DAU — Daily Active Users (the user-level anchor; get this number first)
avg_requests_per_user — average API calls per user per day across all actions (read, write, search, like, etc.)
86_400 — seconds in a day (60 * 60 * 24); the constant denominator for any per-day-to-per-second conversion
Peak QPS multiplier: typically 2x–3x average; systems must handle bursts, not just averages
Read/write ratio heuristics: typical systems are 10:1 to 100:1 read-heavy; the ratio drives architectural decisions (read replicas, CQRS read model, cache tier sizing)

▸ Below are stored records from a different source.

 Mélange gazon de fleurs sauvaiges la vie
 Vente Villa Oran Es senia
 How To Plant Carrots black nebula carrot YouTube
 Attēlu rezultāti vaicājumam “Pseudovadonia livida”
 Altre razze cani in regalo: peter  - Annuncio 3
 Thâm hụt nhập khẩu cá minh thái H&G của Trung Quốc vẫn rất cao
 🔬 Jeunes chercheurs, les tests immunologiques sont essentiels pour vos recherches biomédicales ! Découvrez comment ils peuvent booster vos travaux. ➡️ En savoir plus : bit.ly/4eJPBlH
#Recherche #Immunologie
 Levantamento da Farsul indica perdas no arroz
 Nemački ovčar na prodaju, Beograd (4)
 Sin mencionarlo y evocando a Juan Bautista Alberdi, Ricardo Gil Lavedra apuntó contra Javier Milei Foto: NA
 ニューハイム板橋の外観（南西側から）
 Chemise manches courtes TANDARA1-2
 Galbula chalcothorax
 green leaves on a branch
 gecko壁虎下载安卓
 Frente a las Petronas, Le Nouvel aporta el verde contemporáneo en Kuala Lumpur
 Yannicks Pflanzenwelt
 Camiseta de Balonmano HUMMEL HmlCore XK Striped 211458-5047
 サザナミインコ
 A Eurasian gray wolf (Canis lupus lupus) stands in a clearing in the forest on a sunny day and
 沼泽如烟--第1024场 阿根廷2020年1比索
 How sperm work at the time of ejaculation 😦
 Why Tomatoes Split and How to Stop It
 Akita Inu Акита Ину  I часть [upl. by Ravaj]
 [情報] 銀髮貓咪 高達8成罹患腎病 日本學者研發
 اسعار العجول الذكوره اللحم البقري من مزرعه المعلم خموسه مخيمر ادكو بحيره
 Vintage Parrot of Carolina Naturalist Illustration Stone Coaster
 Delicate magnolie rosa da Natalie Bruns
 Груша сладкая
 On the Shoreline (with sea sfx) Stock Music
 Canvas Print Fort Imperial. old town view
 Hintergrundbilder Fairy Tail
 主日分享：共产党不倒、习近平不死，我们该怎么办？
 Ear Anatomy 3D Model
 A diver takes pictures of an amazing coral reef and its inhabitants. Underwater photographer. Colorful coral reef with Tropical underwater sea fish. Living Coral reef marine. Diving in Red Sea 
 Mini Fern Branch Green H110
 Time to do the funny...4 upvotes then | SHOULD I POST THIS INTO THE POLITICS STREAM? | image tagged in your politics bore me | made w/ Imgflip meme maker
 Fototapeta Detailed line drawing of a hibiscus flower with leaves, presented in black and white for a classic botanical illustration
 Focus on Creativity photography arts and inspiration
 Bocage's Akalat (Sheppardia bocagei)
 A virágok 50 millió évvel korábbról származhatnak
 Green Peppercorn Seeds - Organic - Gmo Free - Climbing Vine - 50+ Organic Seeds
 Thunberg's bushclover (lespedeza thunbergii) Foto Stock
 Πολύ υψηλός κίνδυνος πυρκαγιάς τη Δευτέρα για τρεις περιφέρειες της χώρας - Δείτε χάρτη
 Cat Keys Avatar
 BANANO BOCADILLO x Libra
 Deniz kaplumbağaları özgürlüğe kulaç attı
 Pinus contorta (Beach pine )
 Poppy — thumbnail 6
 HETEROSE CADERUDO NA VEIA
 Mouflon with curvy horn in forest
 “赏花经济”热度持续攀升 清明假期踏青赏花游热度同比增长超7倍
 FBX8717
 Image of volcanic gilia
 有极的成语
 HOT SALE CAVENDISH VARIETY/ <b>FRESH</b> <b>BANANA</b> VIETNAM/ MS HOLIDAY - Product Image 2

Worked example: social media platform with 300M DAU (2024 estimate)

// Step 1: requests per user per day
avg_requests = 10
// Reasoning: read timeline 3x + post 0.5x + like 3x + search 3.5x
// = 10 actions/day; this is a judgment call, not a fact — state assumptions

// Step 2: total requests per day
requests_per_day = 300M * 10 = 3B
// = 3,000,000,000 requests per day across all users

// Step 3: average QPS
avg_QPS = 3B / 86_400 ≈ 35,000 QPS
// = 3,000,000,000 / 86,400 = 34,722; round to ~35,000 QPS
// Use this as the baseline; do not skip showing the division

// Step 4: peak QPS (assume 2x average for a social feed; 3x for live events)
peak_QPS = 35,000 * 2 = 70,000 QPS
// The multiplier accounts for primetime traffic bursts; state the multiplier explicitly

// Step 5: read/write split (typical: 90% reads for a social timeline)
read_QPS  = 70,000 * 0.9 = 63,000 QPS
write_QPS = 70,000 * 0.1 = 7,000 QPS
// The 90/10 split motivates separate read and write scaling paths
// → read_QPS drives cache sizing and read replica count
// → write_QPS drives write throughput requirements and leader node sizing

Bare numbers without reasoning chain

Never state "12K QPS" without showing the derivation: "10M DAU * 100 req/day / 86,400s = 11,574 QPS, round to ~12K QPS." Bare numbers cannot be audited or adjusted when assumptions change. In a system design interview, showing the derivation demonstrates that you understand the estimation methodology, not just the answer.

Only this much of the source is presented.